ERA UMA VEZ UMA DEUSA
A pobreza
intelectual, entalada em certas decisões judiciais, só surpreende a quem não
sabe como são feitas as leis, a salsicha e as indicações para os cargos de
ministro dos tribunais superiores.
Esse fenômeno tem
origem numa mudança de costumes que vem
se operando na sociedade, não da forma lenta e gradual que é própria da
evolução humana, mas pela força da tecnologia. As chamadas “redes sociais” são as
principais responsáveis por essa rapidez de mudanças que alcançam várias
gerações ao mesmo tempo. E foi assim, graças à força de uma comunicação sem
limites, que a clausura da Justiça, onde se abrigavam provectos senhores
antigamente, foi aberta.
Foi o próprio Supremo
Tribunal Federal que, por primeiro, deu ouvido a certos clamores, para dar
impulso às mudanças no próprio sistema de governo, usurpando as funções do
Legislativo. Sustentado em arremedos de filosofia importada por um juiz gaúcho,
o ministro Luiz Fux lançou mão de um expediente não reconhecido no Direito como
modo de interpretação: ignorou o sentido das palavras “homem e mulher” no §3º
do artigo 226 da Constituição Federal, para permitir a união estável a pessoas
do mesmo sexo. Ou seja, reformou Constituição, função que é exclusiva do Poder
Legislativo. Foi uma decisão de natureza política, porque a ciência do Direito
não a autorizava.
A apatia do Poder
Legislativo foi um dos fatos que promoveram a transformação da clausura do
Judiciário em palco de cortinas levantadas, com apresentações imunes à censura
e à proibição para “menores”. Mas, o surgimento do então juiz Sérgio Moro como
figura pública foi, provavelmente, o ponto de partida mais palpável para a popularização
do Judiciário, transformando-o em assunto preferido para manchetes na imprensa
e tema para mesas de bar, comentários de taxistas e barbeiros.
Não foi preciso
muito tempo para que o então magistrado fosse guindado ao posto de herói
nacional, munido de escudo e espada para atacar a corrupção na política brasileira.

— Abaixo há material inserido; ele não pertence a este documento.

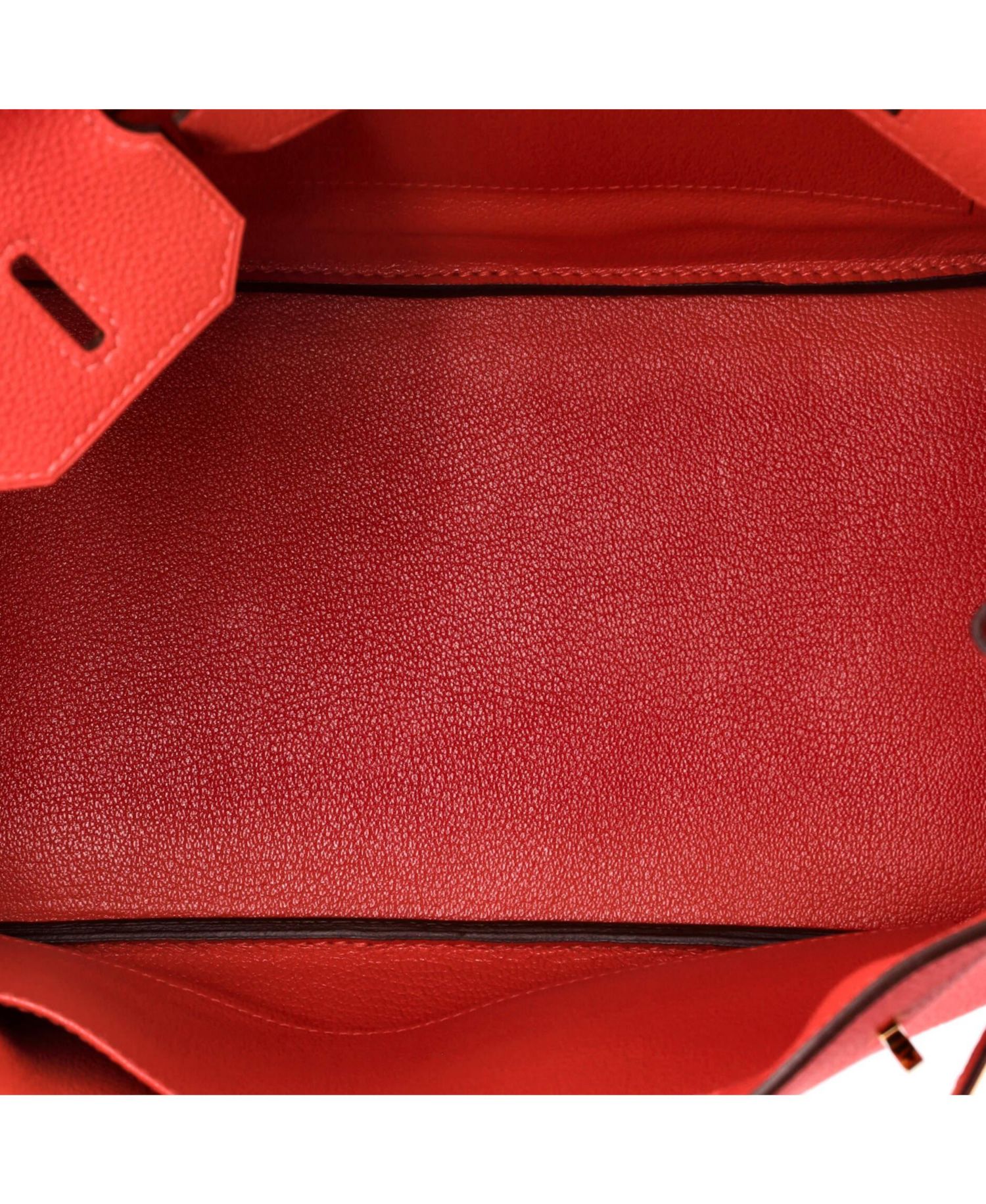 Pre-Owned Hermes Birkin 30 Handbag Red Togo with Gold Hardware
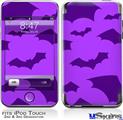iPod Touch 2G & 3G Skin - Deathrock Bats Purple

Era tudo o que o povo via nele: o seu representante para materializar o desejo
de botar na cadeia políticos que enriquecem com o dinheiro do contribuinte. A
fama e o poder do ídolo criado pelo imaginário popular lhe emprestaram coragem
para ultrapassar limites na interpretação da lei, como fizera Fux. E a chamada
operação “Lava Jato” passou a ser usada como forma coercitiva de obter provas,
através da delação premiada. Eram presos supostos corruptores, para entregarem
os corrompidos.
Arrastado pelo
caudal da “Lava Jato”, Lula foi parar na cena judiciária, como o anti-herói que
alimentava a fama crescente de Sérgio Moro. E esse acabou embretado: se
absolvesse Lula, despencaria para o abismo da repulsa popular; se o condenasse,
teria consolidada sua imagem como ídolo. Um drama que juiz nenhum gostaria de
viver.
A condenação
sobreveio como um trançado inextricável, entretecido com fios de delação. Desde
então o Brasil se dividiu, porque a trança, não podendo ser desenleada na forma
da lei, foi decepada pela espada da Justiça. E a deusa Têmis perdeu sua
divindade em Brasília.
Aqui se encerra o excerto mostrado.